An article in Mother Jones over the weekend showed communications in 2020 among the Alliance Defending Freedom, the Liberty Counsel and Idaho Rep. Julianne Young, R-Blackfoot, about her bill prohibiting transgender Idahoans from changing the gender marker on their birth certificates, another example of national organizations imposing their moral dogma on Idahoans by using complicit and easily duped Idaho legislators.

“There are multiple bills that are moving in the direction of starting to erode historically enjoyed civil liberties, so that now there’s a lot more government intervention in telling Idahoans how to live their lives,” Morales said. “At the core of what’s different (this year) is that it’s part of a national, coordinated movement that has come to Idaho very well-resourced and is making a significant amount of work for us here in the state.”

Specifically, the ACLU of Idaho is looking at coordinated efforts to erode voting rights, criminalize interstate travel for an abortion as human trafficking and a call for limits on lower federal courts to consider abortion cases in Idaho.

Perhaps most egregious are the attacks on the civil liberties of the LGBTQ community. In addition to prohibiting and criminalizing parents and their doctors for providing gender-affirming care for their children, one bill dictates which bathrooms trans kids can use in school. Another attempts to outlaw drag shows, a bill that is so vaguely worded and broad that it could have a major chilling effect on other forms of free expression.

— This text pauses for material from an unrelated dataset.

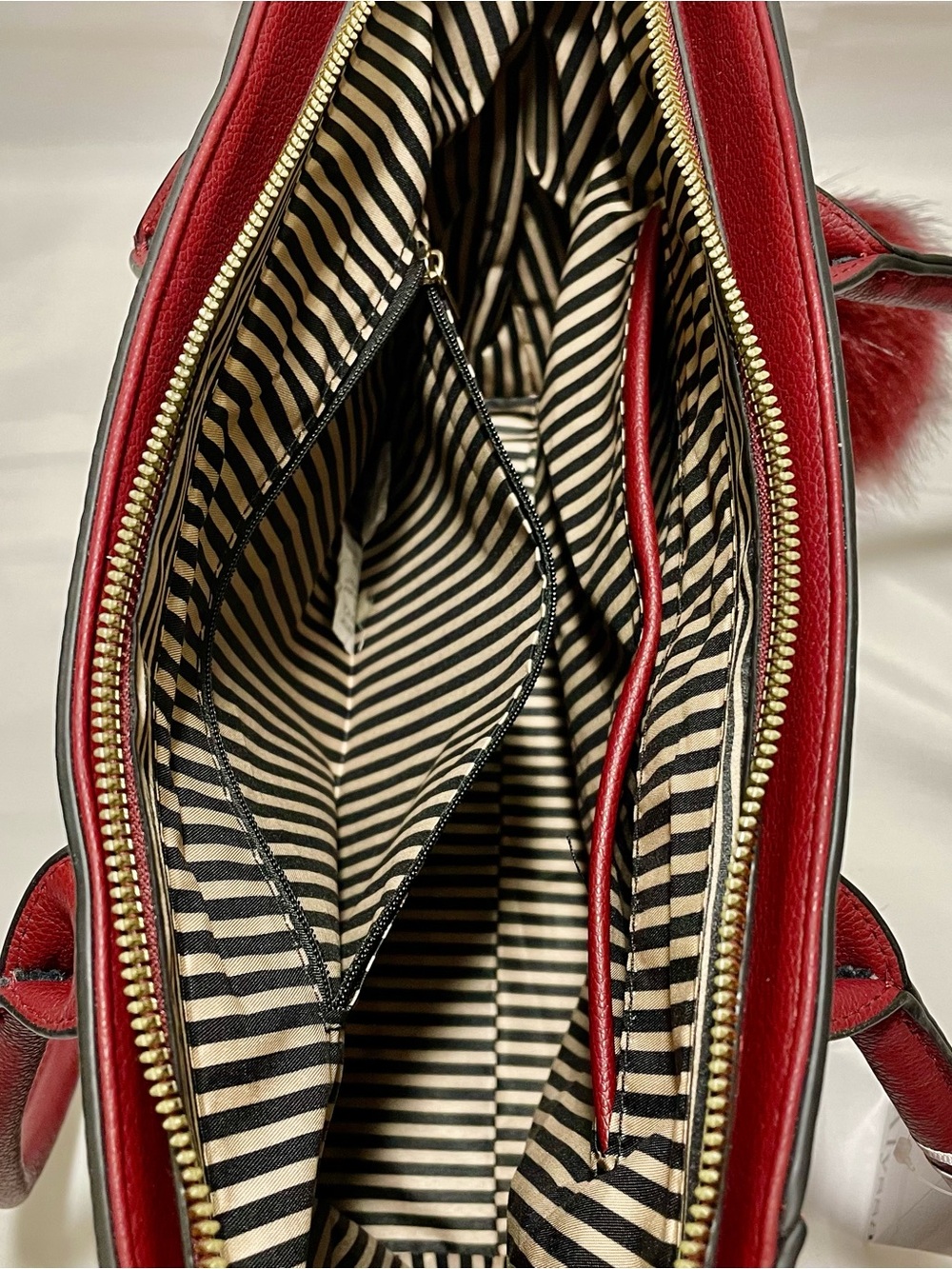 Alyssa Set withTote, Matching Wristlet/Pouch & Extra Pom Bag Charm/KeyChain, NWT - Picture 9 of 16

Amy Dundon, of the ACLU of Idaho, stressed that while some of these issues are coming from so-called right-wing groups, the debate should not be seen as simply left versus right.

“I would remind folks that it’s OK to have conservative values,” Dundon said in a video interview. “But it’s crucial that you respect someone who has a more progressive view or a less progressive view. Respecting basic human rights and human dignity is really the key.”

Someone who is conservative, Republican and Christian, who thinks homosexuality is a sin and doubts the experiences of transgender people should still be concerned about the erosion of someone else’s basic human rights.

“We have the freedom to exercise our religious or moral beliefs,” Dundon said. “We have those rights equally, as every other Idahoan does, and I think that that piece is missing.”

And the fact that outside forces are able to exert their policies on Idahoans by using state legislators to enshrine moral beliefs in state law should trouble everyone.

“My concern is when we are putting in code how someone should live their lives, when we put in code what type of books they have access to or not, that almost becomes social engineering for our society,” Morales said. “That’s part of the dangerous nature of what’s moving here, is that a certain perspective is writing things in code that essentially then is guiding how every Idahoan should live, which is contrary to our view of limited government.”

Yes, we can say this is the worst session ever once again, but the worse it gets, the more dire it seems to become.